** Given information **

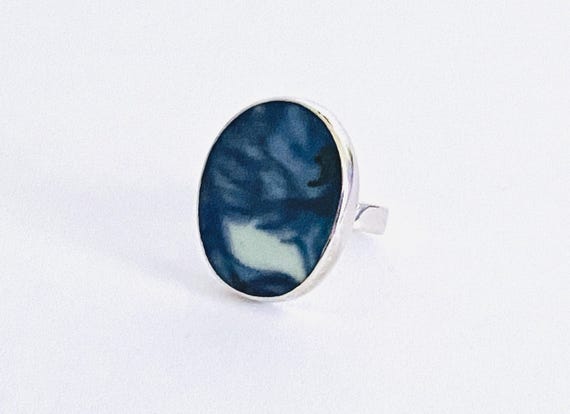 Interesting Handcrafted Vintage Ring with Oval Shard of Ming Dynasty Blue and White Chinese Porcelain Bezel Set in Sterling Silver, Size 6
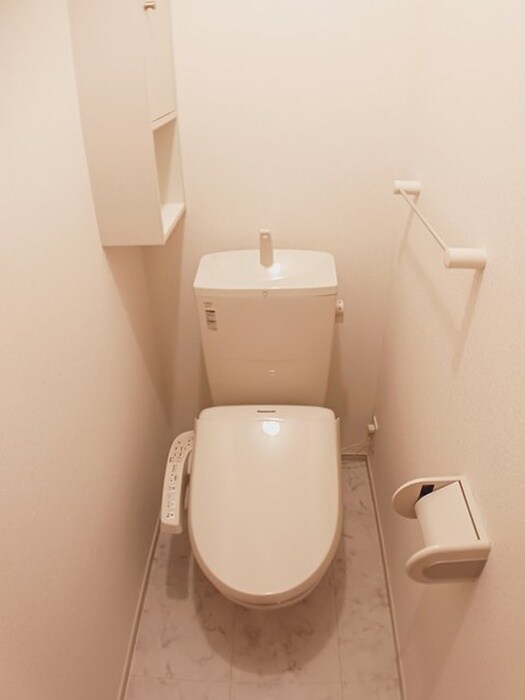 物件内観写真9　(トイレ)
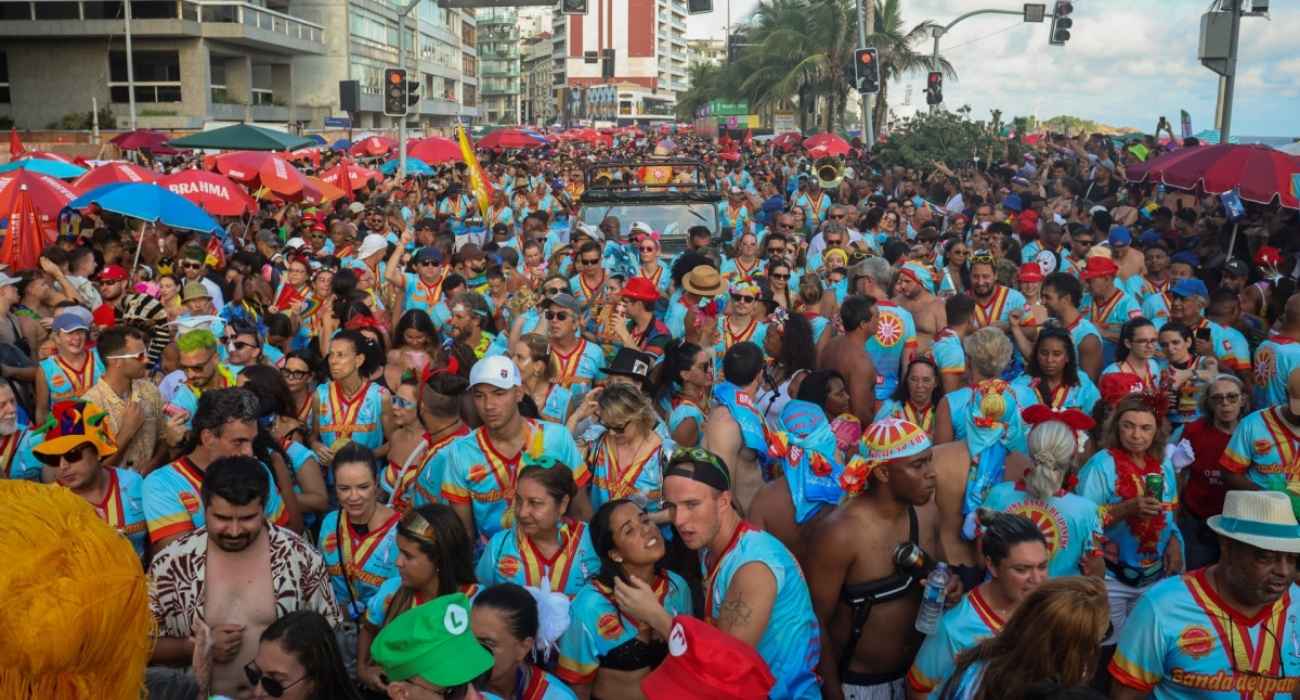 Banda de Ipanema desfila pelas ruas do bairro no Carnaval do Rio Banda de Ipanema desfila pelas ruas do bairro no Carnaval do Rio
==
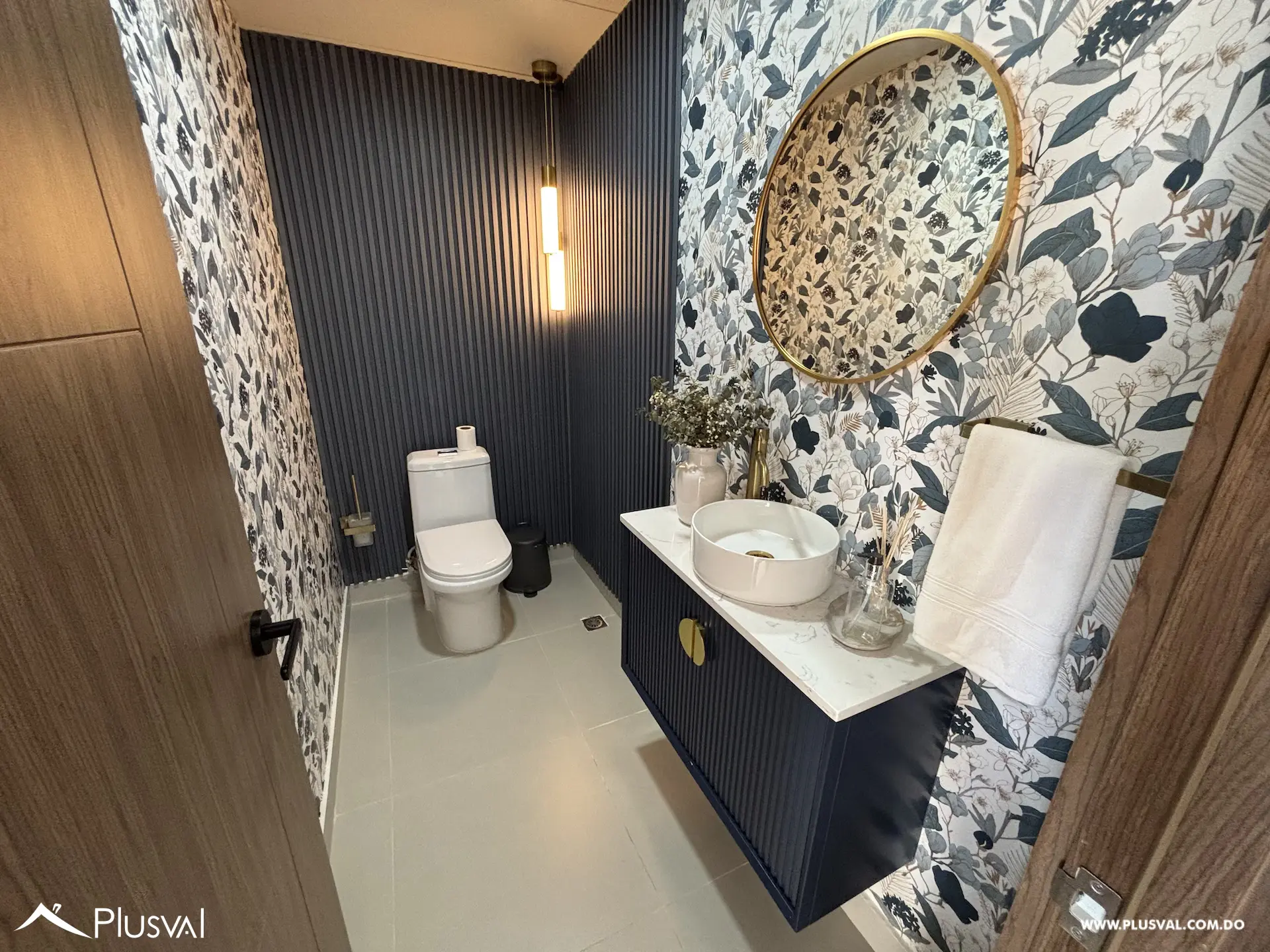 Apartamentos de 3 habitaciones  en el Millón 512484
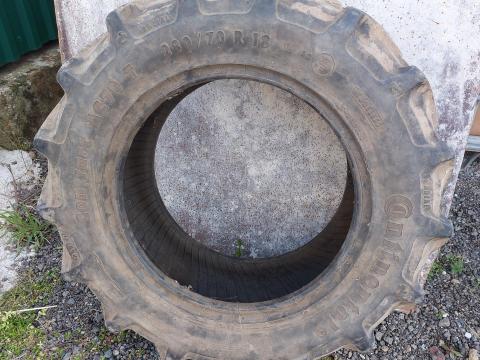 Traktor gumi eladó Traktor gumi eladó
==
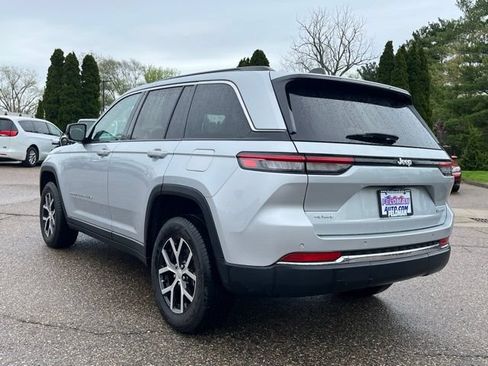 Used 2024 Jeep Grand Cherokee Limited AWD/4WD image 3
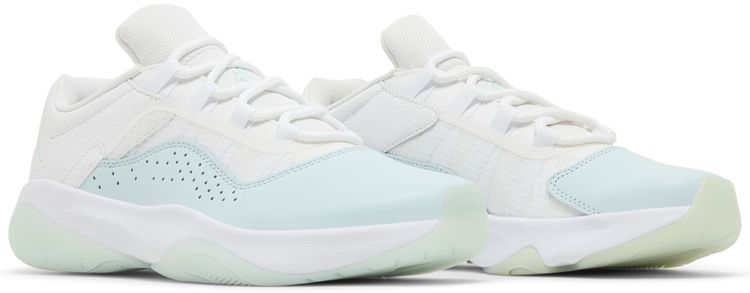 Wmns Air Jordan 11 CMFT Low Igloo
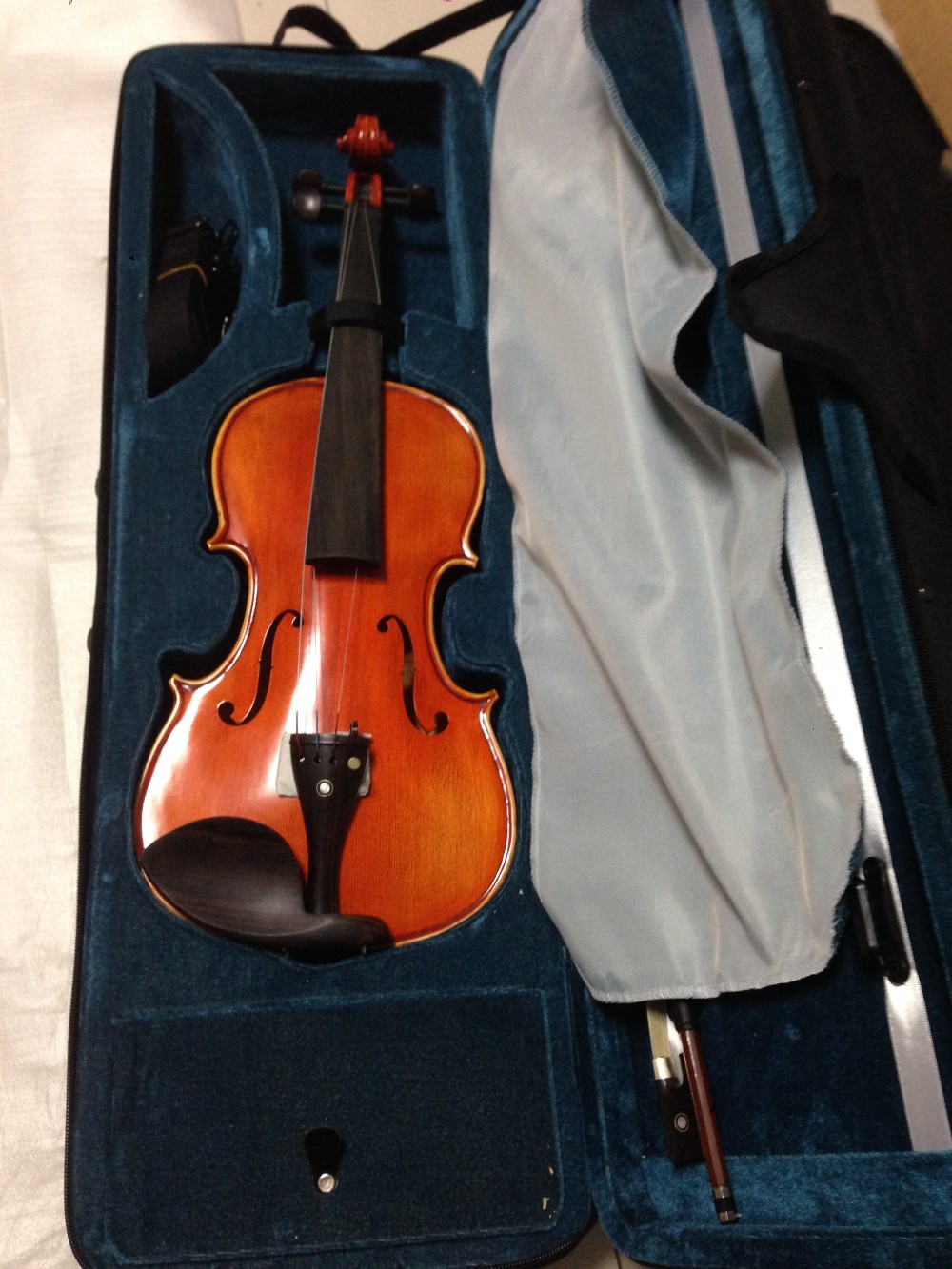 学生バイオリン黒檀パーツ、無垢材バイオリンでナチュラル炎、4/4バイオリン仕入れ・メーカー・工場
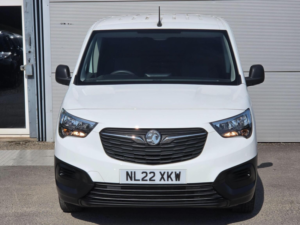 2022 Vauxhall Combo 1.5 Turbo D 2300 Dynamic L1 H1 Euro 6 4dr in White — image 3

** Work to be completed **
From the records above, extract the lines from the one holding "Interesting Handcrafted Vintage" through the one holding "do Rio Banda", word for word; omit the pictures.

** Response to the exercise **
 Interesting Handcrafted Vintage Ring with Oval Shard of Ming Dynasty Blue and White Chinese Porcelain Bezel Set in Sterling Silver, Size 6
 物件内観写真9　(トイレ)
 Banda de Ipanema desfila pelas ruas do bairro no Carnaval do Rio Banda de Ipanema desfila pelas ruas do bairro no Carnaval do Rio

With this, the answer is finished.